The Kauai delegate to the Democratic National Convention and outspoken Bernie Sanders supporter said security didn’t allow him to bring the signs he wanted to wave into the building on Tuesday.
His freedom of speech, however, was defended by a fellow delegate — a Hillary Clinton supporter — who saved the day with a Sharpie.
“She said, ‘You do your thing, brother, you go on and get it’ and I love her for that,” Hooser said. “That Sharpie meant so much to me. It was the olive branch of peace.”
With that permanent marker, Hooser and his crowd of Sanders supporters modified the signs they were allowed to bring into the DNC.
Hooser said the group “got creative” with messages of rising together to support the political progress that’s been made within the party.
He said while many at the DNC were touting unity, the act of a Clinton supporter ensuring the free speech rights of a Sanders supporter was a monumental.
“It’s not about unity,” Hooser said. “It’s about respect and patience with each other.

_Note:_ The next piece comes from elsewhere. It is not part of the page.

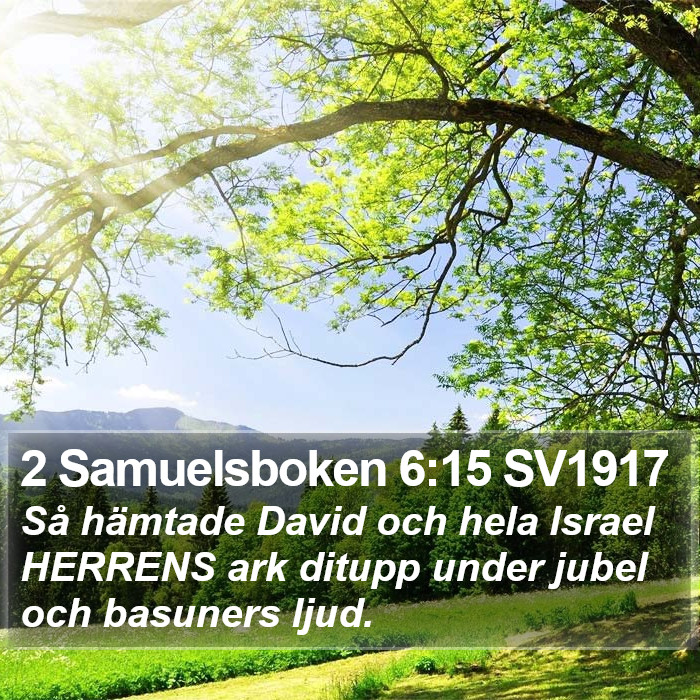 2 Samuelsboken 6:15 SV1917 Bible Study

That pen represented my voice and she respected my voice.”
Through a roll call vote on Tuesday, the delegates to the DNC cast their votes for the party’s presidential candidate and South Dakota sent Clinton across the 2,382 delegate threshold needed to win the nomination.
In the end, Clinton received 2,842 votes and Sanders received 1,865 votes.

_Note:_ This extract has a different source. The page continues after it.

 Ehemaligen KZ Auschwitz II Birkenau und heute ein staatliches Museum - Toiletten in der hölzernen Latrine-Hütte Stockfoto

Hooser said he voted for Sanders as the Democratic candidate, and was honored to be part of the roll call system.
“I was elected from the congressional district to represent those people, and those people feel probably even more strongly about Bernie than I do,” Hooser said. “I had to give them their opportunity too, and for me it was a big thing that they allowed us to do the roll call vote.”
He said for many of the first time attendees to the DNC, himself included, the DNC was confusing when it came to the logistics.

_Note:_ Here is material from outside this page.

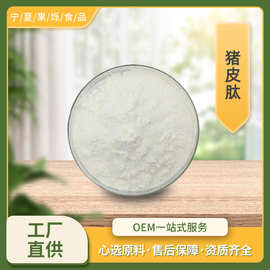 猪皮肽  98%工厂现货包邮小分子肽活性肽 猪皮胶原蛋白肽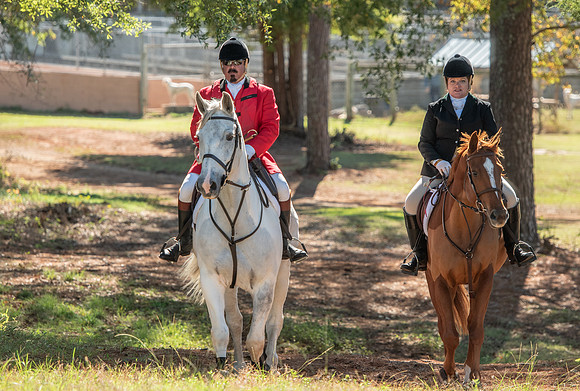Belle Meade_11-3-2018_288186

“I think the DNC could have done a better job of explaining the process,” Hooser said. “A lot of us are new to this.”
Though Hooser’s candidate choice didn’t pan out, he said “it’s not time to abandon ship.”
“Now it’s time to listen and learn and bring back what we can for the community,” Hooser said. “We’ve got momentum and progress.”
He said he’s been thrilled to see the increase in participation in politics, especially in Hawaii, and it “shows how effective Bernie has been.”
He hopes to see that participation hold strong, even though Sanders is out of the race.
“It’s about getting people involved,” Hooser said. “It’s time to bring back our progressive values and make change in our home state.”